You know flashbacks? They aren't just handy literary or tv/movie story-telling tools. They are real.
We've been coming to Children's for a full year now, and have often reminded ourselves of different aspects of our first trip here. But nothing has brought those memories back like being here the last 3 weeks has.
I walk past a paticular waiting area, or pass through a certain hallway, or see Alan have a procedure, or watch Dale enjoy the trains, and I get images of January 2007, just as clearly as if it was last week.
Flashbacks are real.
And they are very much like you see on tv. Not as dramatic, of course. Or traumatic. But for a brief moment I find myself completely absorbed in a memory. Same place - different time.

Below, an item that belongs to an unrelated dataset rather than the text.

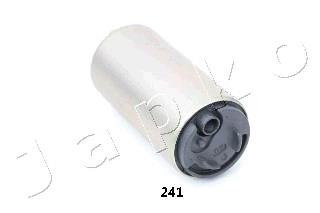 Módulo de bomba de combustível com sensor do nível de combustível Honda Civic 4 ED, EF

So much has changed since last year. This exact weekend one year ago we were in wide-eyed wonder. It was the first time we had ever set foot inside this hospital. We had already sent Alan in for one surgical procedure (a liver biopsy) and were awaiting a surgery on Monday that would be a diagnosis, and possible treatment. We were learning so much, so fast. We had no idea what lay ahead. Every thing was new.
Even then, when everything was so new and scary and we had so much to fear, God placed his peace in our hearts. It was amazing. We knew better than ever before what it was like to actually feel the prayers of others. The peace was amazing. It still is. The peace that passes all understanding has been abundant this past year, and has come in heaping helpings these last few weeks as well.
January 22, 2007 was a Monday. That was surgery day. The first report from the OR we heard confirmed Alan's diagnosis: yes, it is biliary atresia. The next step was to go ahead and perform the procedure that would be Alan's lifeline for a length of time that God only knew. It might never work. It might work for a short period of time. It might work for years and years. And when it no longer worked? What would the option for Alan be? Transplant.
We were devastated. Heart broken. And, initially, afraid. (Think of Peter taking his eyes off Jesus and seeing the waves instead.)
Then a kind, wise nurse stepped in. She listened. And then she said, "A transplant is not a death sentence." She explained what pediatric transplants are like today. And then she said her husband had even had a kidney transplant a few years back!
Through the remainder of 2007 we learned so much. We learned more about Alan's condition. We learned more about liver transplants. We learned lots about kids that have had liver transplants and thrived. We learned about precious little ones who did not survive the fight against liver disease and are in heaven today. More than anything, we learned to trust God and His wisdom and His timing.
Today I look at Alan and the scar that stretches from one side of his belly to the other, and reaches almost up to his breastbone. And I love that scar. His transplant was not a death sentence. The scar that it left behind represents a precious gift of life.
Alan's scar is not the only one that represents life. Our Lord has scars. In his hands. His feet. His head. His side. His scars represent life as well. Our sin should have been our death sentence. But Jesus took it as his. And then He did what we cannot - He conquered death. And He has the scars to prove it. Those scars give us life. A precious gift of life.
I don't know what the next year will bring. When I stand in January 2009, who knows where my flashbacks will take me? All I know is, I praise God that no matter what changes, He will be there. He travels ahead of us. He holds our future. and He is waiting for us with peace, love and grace beyond measure!